Neurological outcomes: improvement of the clinical conditions was obtained in 26 patients (76.5%) following the operation: complete stable remission was observed in 5 patients (14.7%), pharmacological remission in 10 (29.4%) and minimal manifestation in 11 (32.3%). Four patients (11.8%) exhibited no substantial change from the pretreatment clinical manifestations or reduction in MG medication and 4 (11.8%) patients experienced worsening of clinical conditions. In 21 patients (61.7%) a reduction of the dosage of steroid therapy was obtained. Oncological outcomes: at an average follow-up of 36 months, the overall survival was 96%, 4 patients (7.5%) had pleural relapses and 12 patients (22.6%) underwent postoperative radiotherapy, according to their stage.
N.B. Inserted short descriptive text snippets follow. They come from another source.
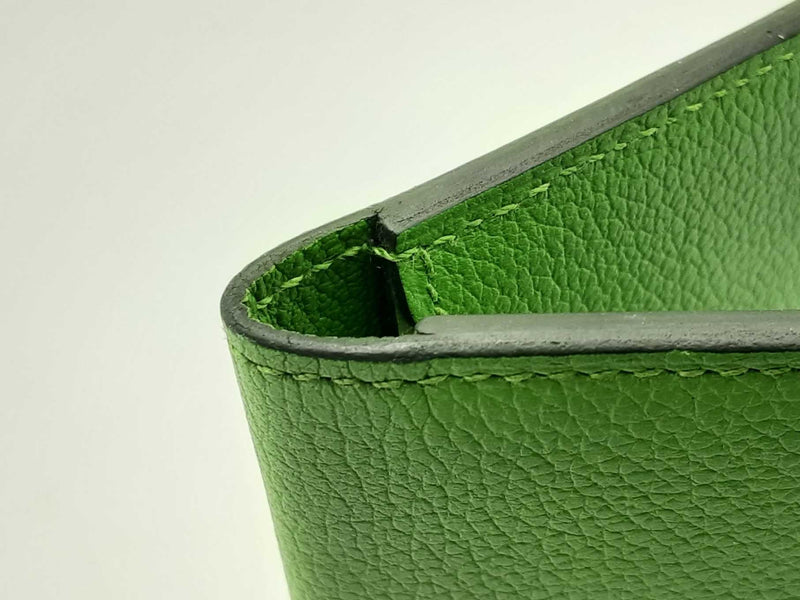 Hermès R.m.s. Card Holder In Green Evercolor Calfskin Fw0125oxzsa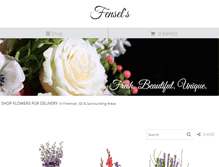 Tablet Screenshot of fenselsflowers.com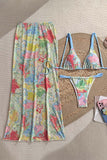 Paisley Bikini Set with Cover-Up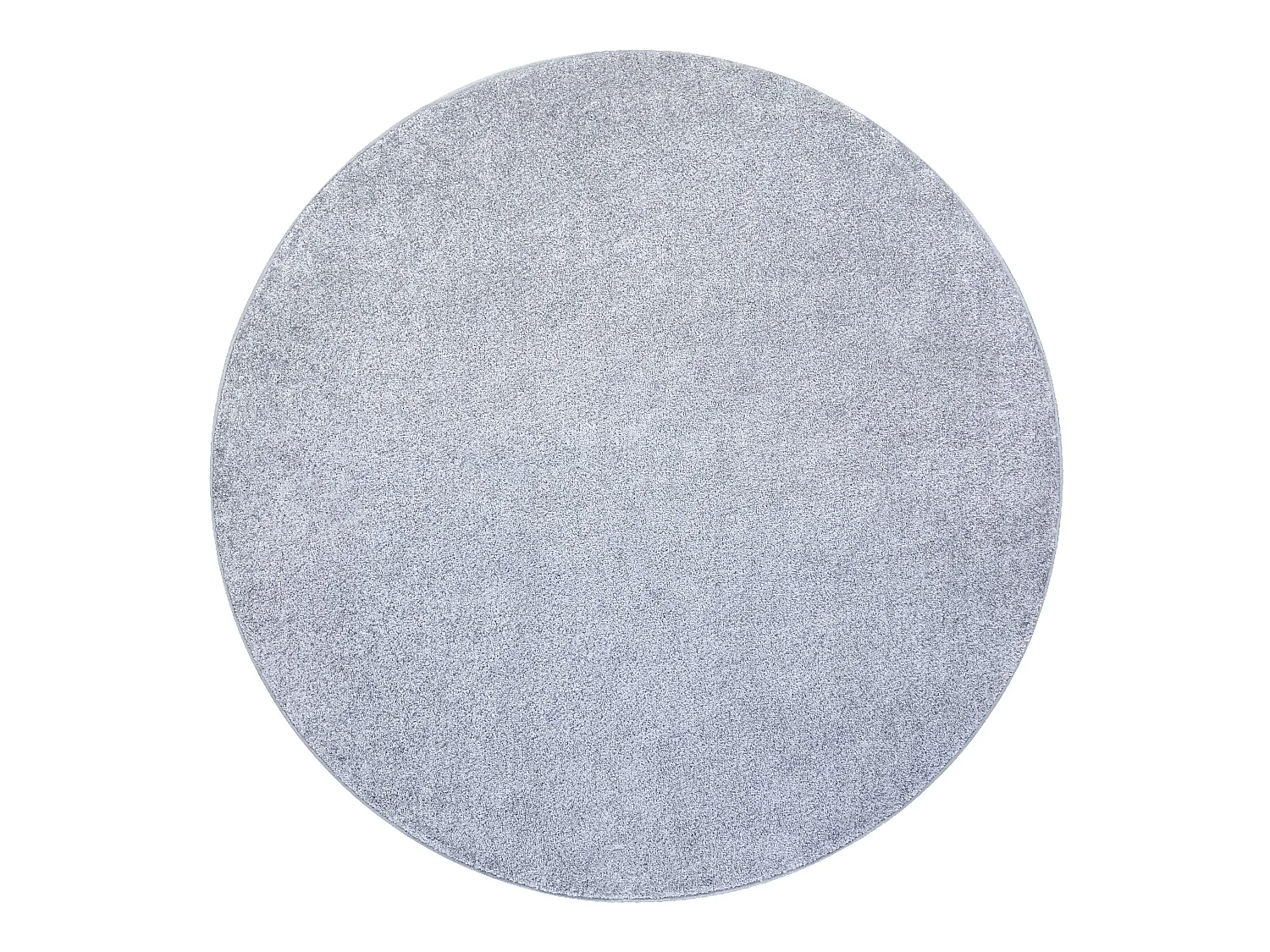TAPIJT ROND SANTA FE zilver 92 , glad , uniform, enkele kleur cercle 170 cm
In accordance with Masaoka staging, 34% were in stage I, 56.6% in stage II and 9.4% in stage III.

CONCLUSIONS

Our results suggest that robotic surgical treatment of patients with thymoma and concomitant MG is effective in improving the neurological outcomes. Moreover, the oncological results obtained in this series confirm the efficacy of robotic surgery for the treatment of thymic malignancies, with results in line with those of open surgery. However, due to the indolent growth of thymomas, further observations with longer follow-up are necessary.

摘要

目的

本研究旨在分析 53 例胸腺瘤患者的治疗效果,其中 34 例患有重症肌无力(MG)。分析所有患者的肿瘤学结果。此外,由于文献中尚无一致数据,本研究的重点是分析患有胸腺瘤和 MG 的患者的神经学结果。

方法

收集并评估了 2014 年 1 月至 2019 年 12 月期间在我院接受机器人胸腺切除术的 53 例胸腺瘤患者的临床结果,其中 34 例患者同时诊断为 MG。根据 Osserman 分类和术前术后肌无力综合评分,对患者的神经状态进行临床评估,并采用美国重症肌无力基金会术后干预评分评估神经临床结果。还考虑了类固醇治疗的减少。评估了胸腺瘤患者的复发率、辅助放疗和总生存率。

结果

神经学结果:术后 26 例(76.5%)患者临床状况改善:5 例(14.7%)完全稳定缓解,10 例(29.4%)药物缓解,11 例(32.3%)轻微缓解。4 例(11.8%)患者术前临床表现或 MG 药物用量无明显变化,4 例(11.8%)患者病情恶化。21 例(61.7%)患者类固醇治疗剂量减少。在平均 36 个月的随访中,总生存率为 96%,4 例(7.5%)患者出现胸膜复发,12 例(22.6%)患者根据分期接受术后放疗。根据 Masaoka 分期,34%为Ⅰ期,56.6%为Ⅱ期,9.4%为Ⅲ期。

结论

我们的结果表明,机器人手术治疗伴 MG 的胸腺瘤患者可有效改善神经学结果。此外,本系列研究获得的肿瘤学结果证实了机器人手术治疗胸腺癌的有效性,结果与开放手术一致。然而,由于胸腺瘤生长缓慢,需要进一步观察更长时间的随访结果。